Adapté avec une fidélité exemplaire d’un « roman graphique » anglais paru en 1987, « WATCHMEN : LES GARDIENS » de Zack Snyder va bien au-delà des habituels films de super-héros et se joue de cette nouvelle mythologie en posant sur elle un regard novateur et passéiste à la fois (l’ambiance « film noir » qui court pendant les trois heures de projection) et en créant des personnages réellement complexes et faillibles.WATCHMEN.jpg

Situé dans une réalité alternative où Nixon sort vainqueur de la guerre du Vietnam et garde le pouvoir pendant des décennies, où les justiciers masqués sont interdits de séjour et où menace la guerre nucléaire avec la Russie, « WATCHMEN » se déroule sur plusieurs époques et développe soigneusement ses nombreux protagonistes. Outre une réalisation rigoureuse qui intègre à la perfection les CGI, une photo magnifique de bout en bout (Larry Fong), le film s’impose comme un des meilleurs du genre grâce à son scénario maniant les clichés avec maestria : le super-méchant de service, le salaud prêt à détruire la planète a un plan bien précis en tête et la révélation finale « cueille » complètement et laisse pensif, remettant en question jusqu’à la notion de « bon » et de « méchant ». « WATCHMEN » est truffé de séquences anthologiques, que ce soit dans l’action pure, l’atmosphère ou même… la poésie. Quand c’est violent, c’est TRÈS violent, voire gore, quand il s’agit de suivre l’évolution d’un homme devenu accidentellement un dieu (Billy Crudup), les auteurs entrouvrent des portes inattendues dans la métaphysique.

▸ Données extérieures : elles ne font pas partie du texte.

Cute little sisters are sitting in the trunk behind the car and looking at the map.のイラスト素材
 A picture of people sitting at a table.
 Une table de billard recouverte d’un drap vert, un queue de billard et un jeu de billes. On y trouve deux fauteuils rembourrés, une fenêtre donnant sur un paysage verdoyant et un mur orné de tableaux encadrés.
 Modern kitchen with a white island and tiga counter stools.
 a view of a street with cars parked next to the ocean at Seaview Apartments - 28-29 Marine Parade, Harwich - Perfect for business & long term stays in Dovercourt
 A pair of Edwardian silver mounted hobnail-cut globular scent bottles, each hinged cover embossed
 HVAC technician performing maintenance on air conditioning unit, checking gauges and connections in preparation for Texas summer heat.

Doté un cast brillant : Malin Akerman superbe, Jeffrey Dean Morgan en salopard cynique, Jackie Earle Haley stupéfiant en justicier sociopathe au masque mouvant, Carla Gugino hélas trop souvent vieillie au latex ou l’excellent Patrick Wilson, « WATCHMEN » atteint une sorte de perfection dans le sous-genre du cinéma de SF qu’est devenu le film de super-héros.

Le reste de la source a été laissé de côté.